# NY Bill A09340: Limit “Assault Weapon” Ammo Sales to 20 Rounds Every 4 Months



## RedLion (Sep 23, 2015)

A heads up for NY folks.



> PROVIDED, HOWEVER, THE SALE OF AMMUNITION FOR ASSAULT WEAPONS, AS DEFINED BY SUBDIVISION TWENTY-TWO OF SECTION 265.00 OF THIS TITLE, SHALL BE LIMITED TO TWO TIMES THE CAPACITY OF AN AUTHORIZED WEAPON OVER A ONE HUNDRED TWENTY DAY PERIOD.

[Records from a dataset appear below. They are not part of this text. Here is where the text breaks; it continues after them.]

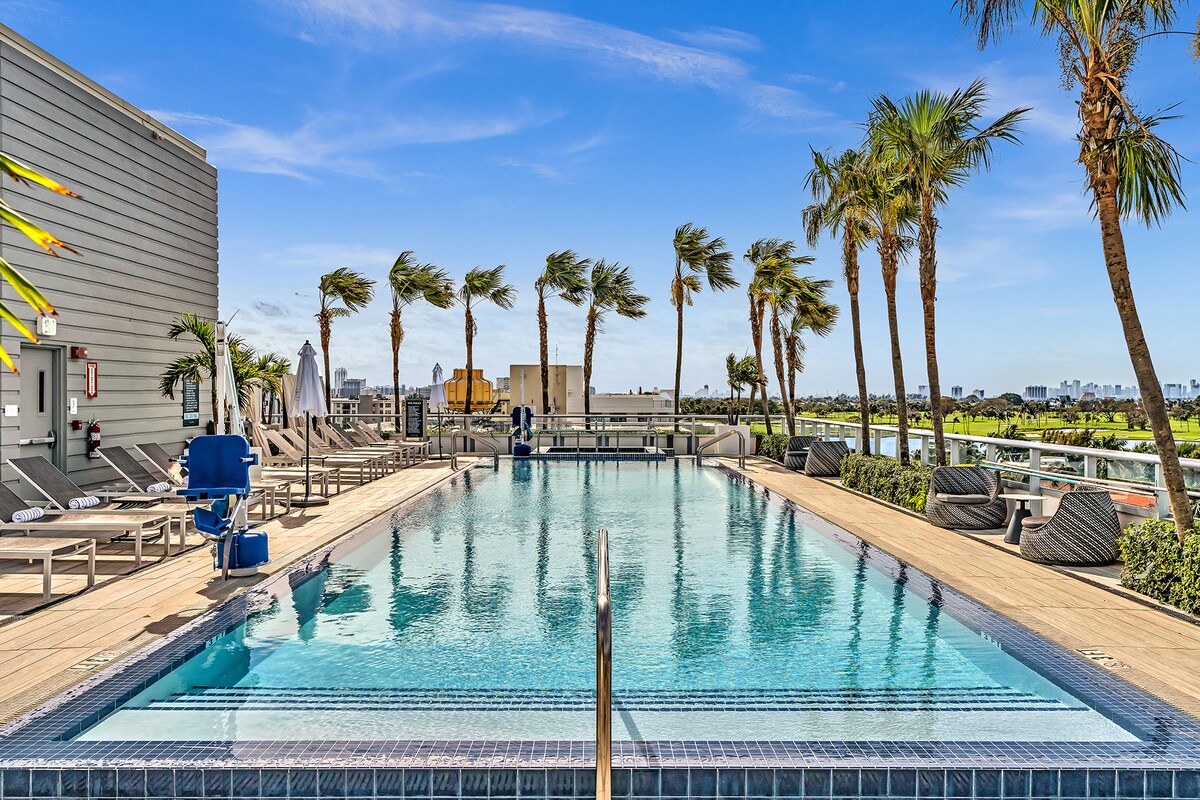 A spacious outdoor pool area is surrounded by lounge chairs and palm trees swaying gently in the breeze. The clear blue water reflects the sky, creating a serene atmosphere. The deck offers ample space for relaxation, with views extending towards the skyline.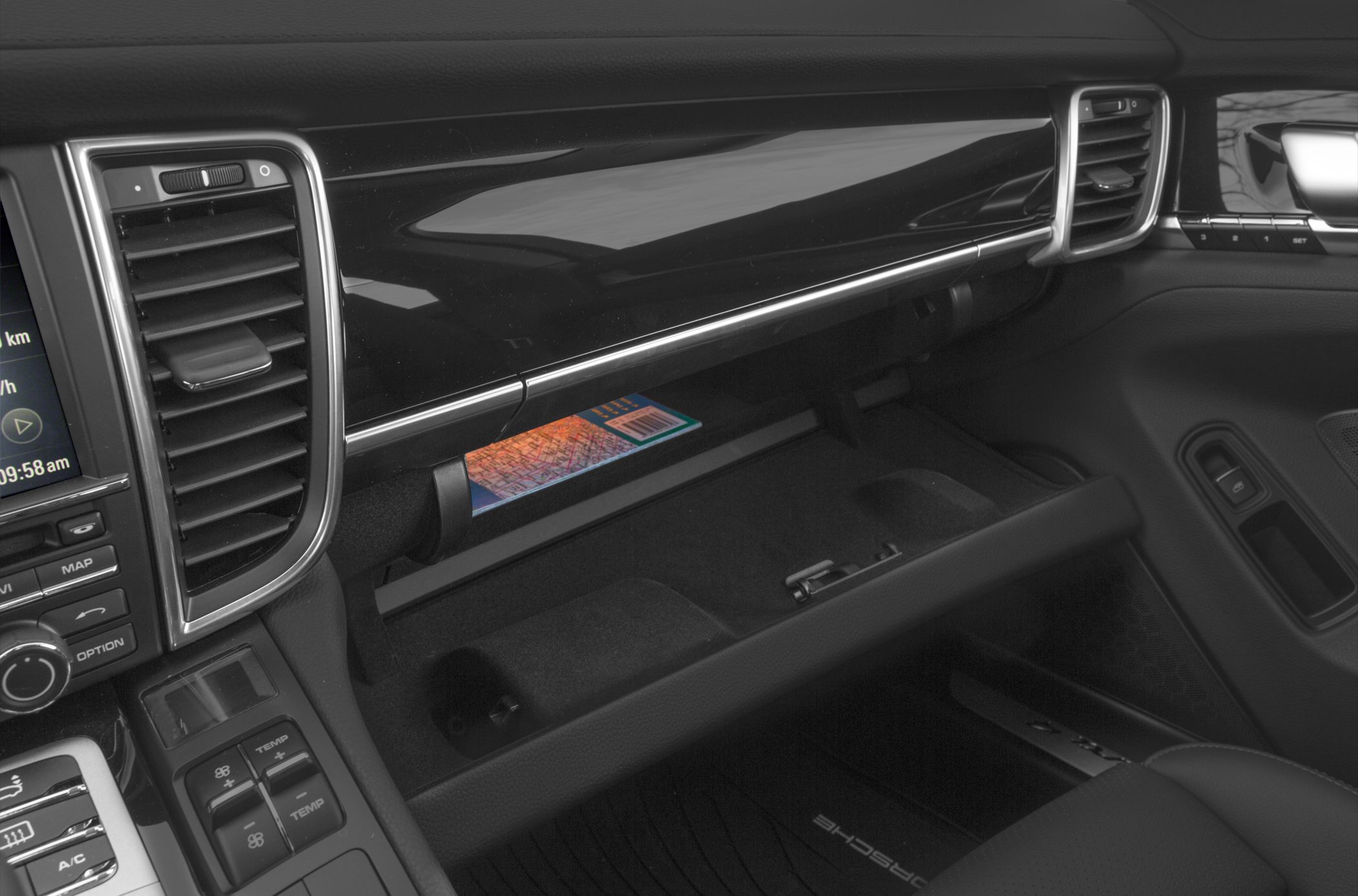 Open glove box with dashboard air vent and control buttons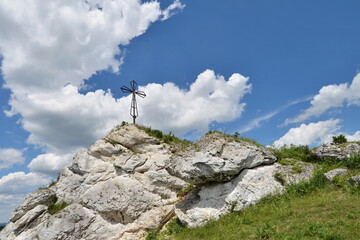 Fototapeta premium Metal cross on top of a rocky mountain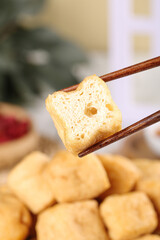Delicious fried tofu puffs with chopsticks showing hollow airy texture - Asian cooking ingredient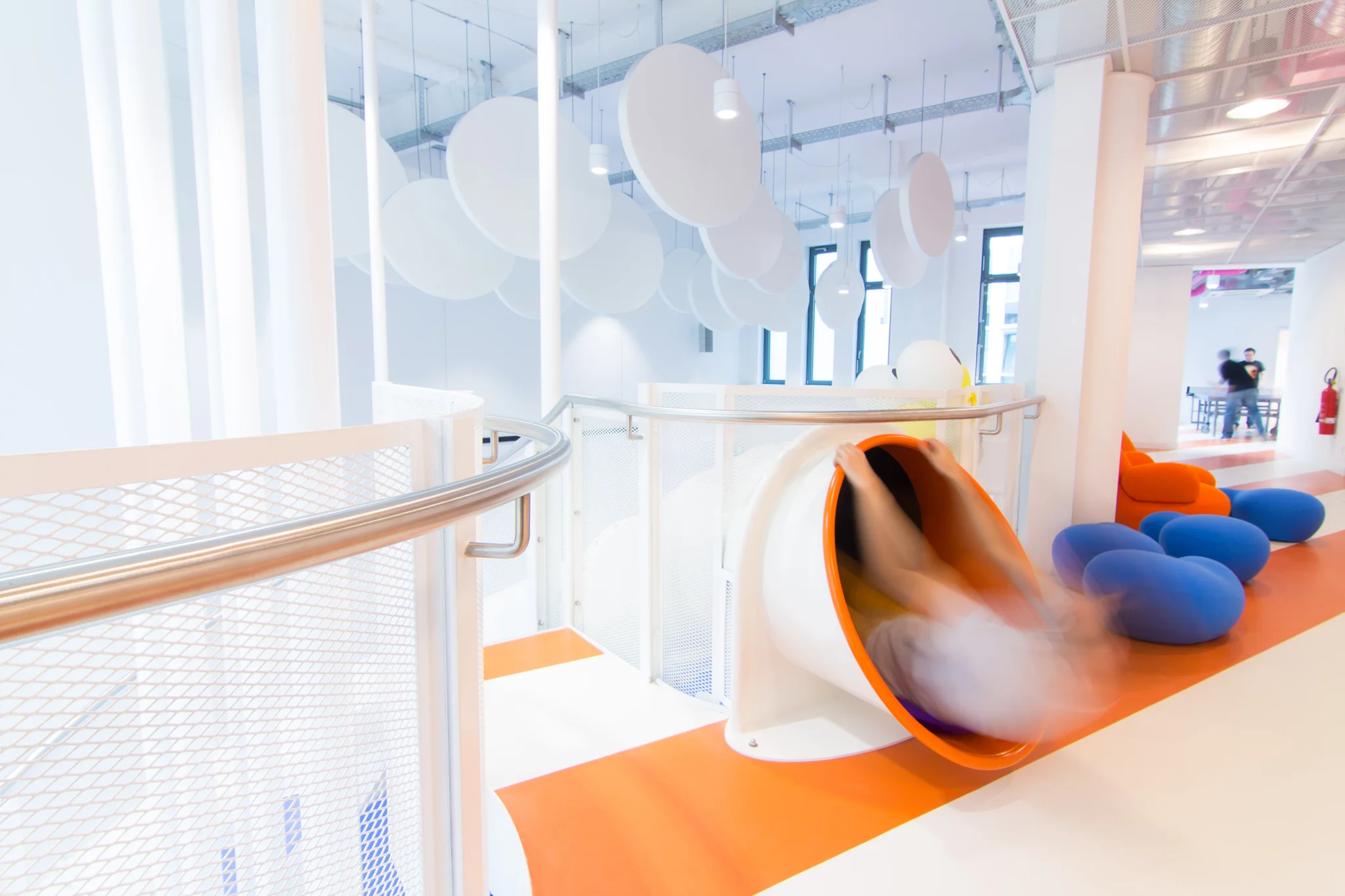 orange and white striped floor with a man going down a slide/flume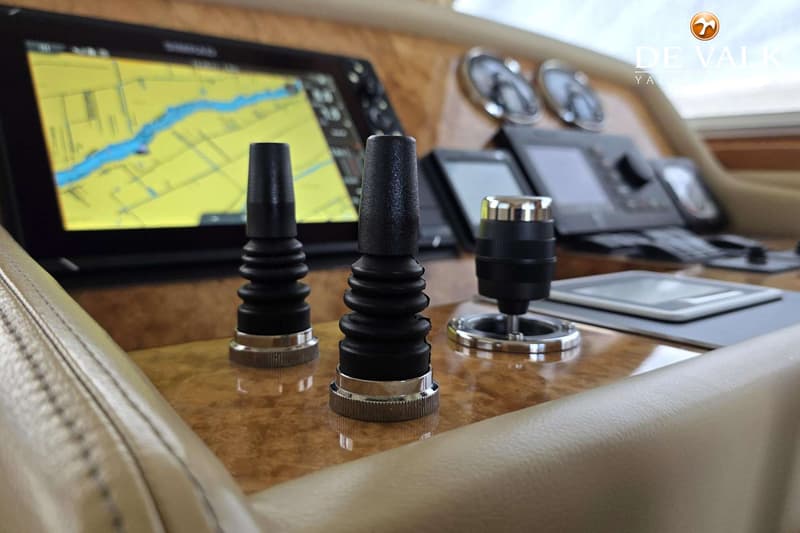 Drie zwarte joysticks met chromen details staan op een houten dashboard, met een navigatiescherm op de achtergrond.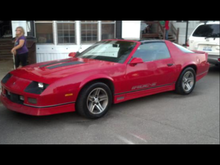 1987 iroc z t.p.i t.top 5 speed car r.p.o cide 81 bright red r.p.o code 19 c i think custom black interior the interior I'd say is a 8.5 out of 10 solid car also hard to find r.p.o code uu8 bose system power windows locks hatch a.c heat will need paint due to poor factory clear coat. 7 miles over 60 k all original but exhaust and k.n filters. Needs very minor things also a true 90 iroc z lb9 solid Texas parts car with it always good to have extra parts good lb9 auto in parts car no title 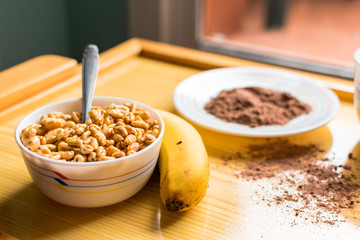 Breakfast with cereals in a bowl with milk, cocoa and banana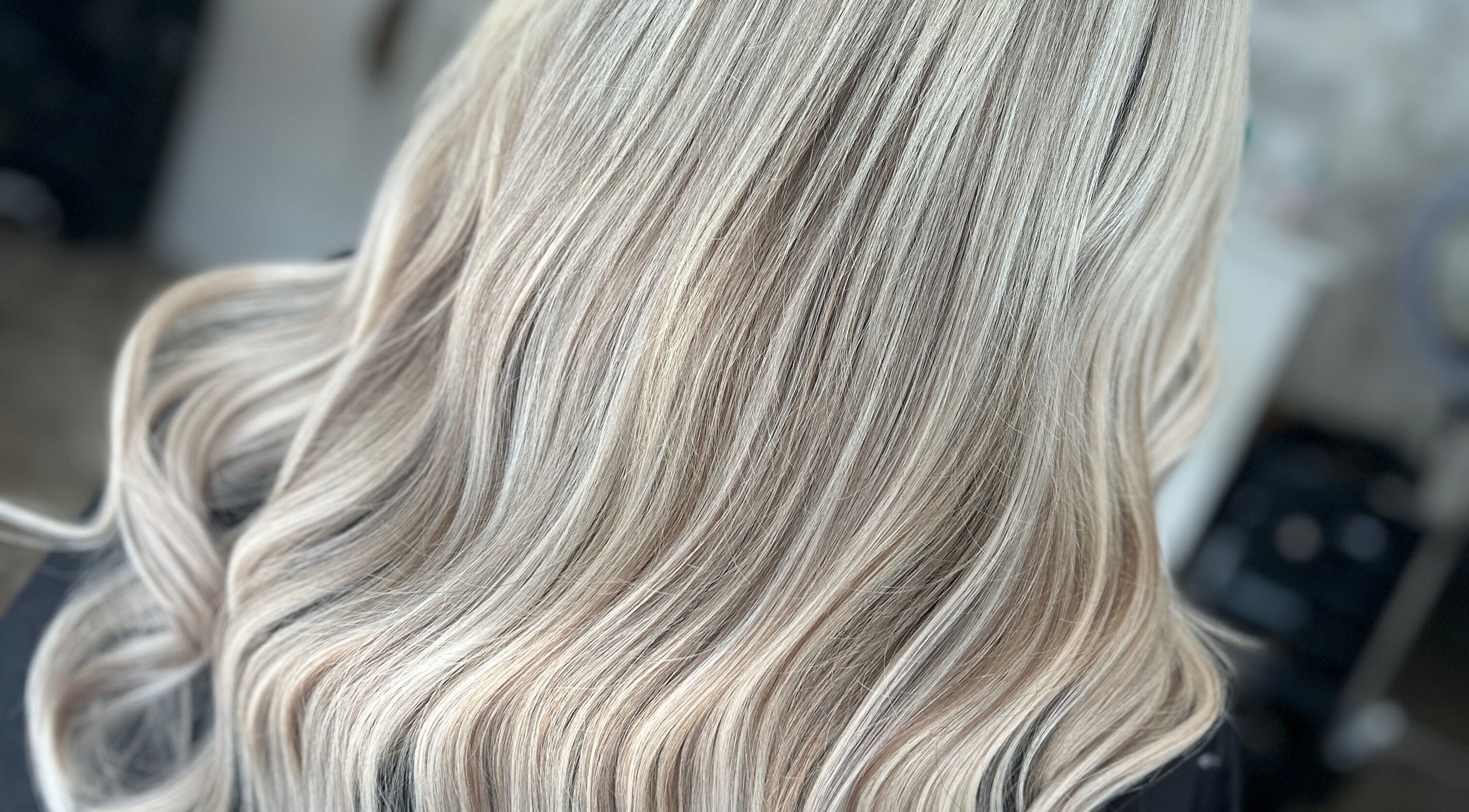 Flowing blonde hair styled at Nataliejadehairskin.co, Swinton, England, GB.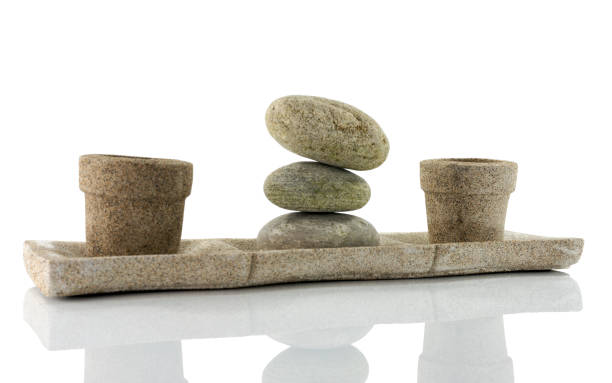 istock plate with stones  in balance 2185374622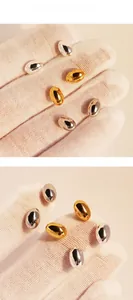 Detail presentation of oval bean stud earrings in polished gold and silver finishes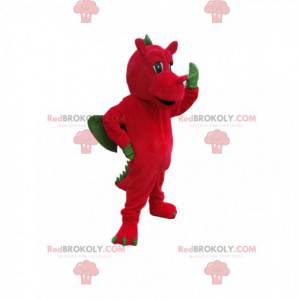Mascote do dragão vermelho com asas verdes. Fantasia de dragão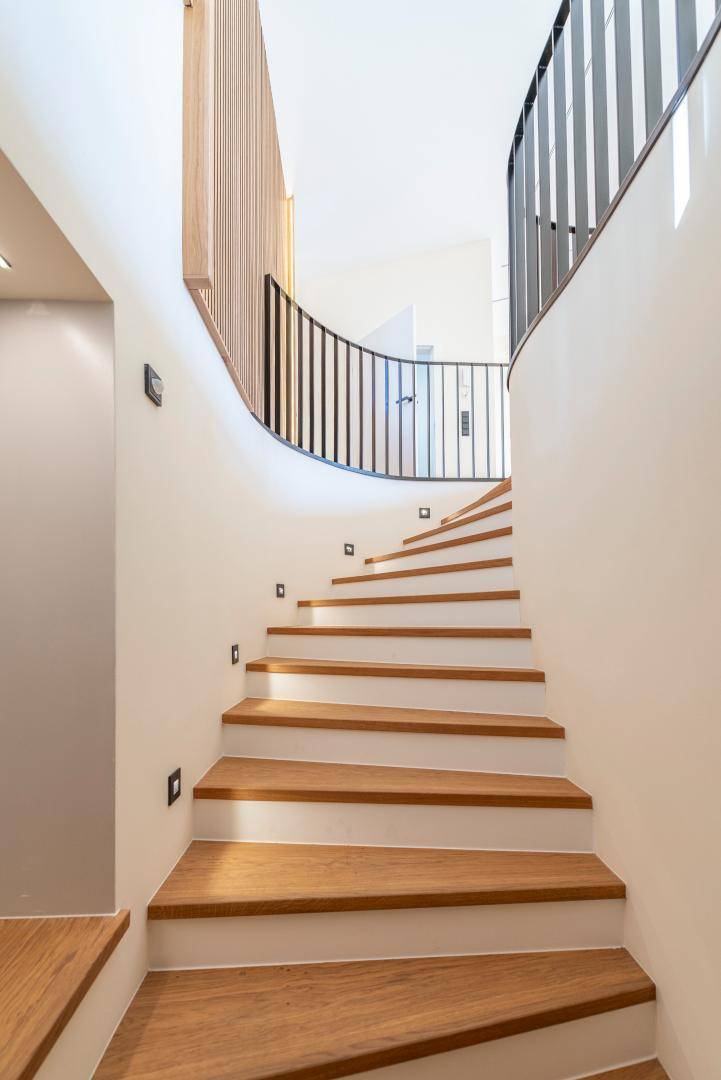 Moderne Holztreppe mit elegantem Geländer und integrierter Beleuchtung im Flurbereich.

NY Bill A09340: Limit "Assault Weapon" Ammo Sales to 20 Rounds Every 4 Months - The Truth About Guns


----------



## Kauboy (May 12, 2014)

My gosh these people are dumb...
I can see the gun store ads now:
"Hi friends, do you own one of those evil black rifles that our governor has his panties twisted up about?
Did you lose your mind, and actually sign up with that dumb registry?
Are you hacked off about this asinine ammunition restriction to 20 rounds for your (air quotes)assault weapon(air quotes)?
Well friends, I have a solution for you! New in stock, this here (blah blah) bolt action rifle chambered in .223 will solve all of your ammunition problems.
Whenever you need to purchase more ammunition for your (air quotes)evil gun(air quotes), you can just tell the clerk it's actually for your bolt action hunting rifle.
Tada! All the ammo you can afford!
Friends, I know you're just itching to head on down to Pete's Discount Gun Emporium and Loofah Shop to pick up your brand new rifle.
Tell 'em Pete sent ya."


----------



## csi-tech (Apr 13, 2013)

This would be almost every center fire cartridge.


----------



## RedLion (Sep 23, 2015)

It is always about control. Time for New Yorkers to step up and say no more.


----------



## oldgrouch (Jul 11, 2014)

Learn to load your own or drive to Pennsylvania.


----------



## 1skrewsloose (Jun 3, 2013)

The back door to gun control. If they know what ammo you bought, they will know what guns you have. Why is it so imperative that the gov know who is buying what? They have other plans that lay in the wait?


----------



## dsdmmat (Nov 9, 2012)

RedLion said:


> It is always about control. Time for New Yorkers to step up and say no more.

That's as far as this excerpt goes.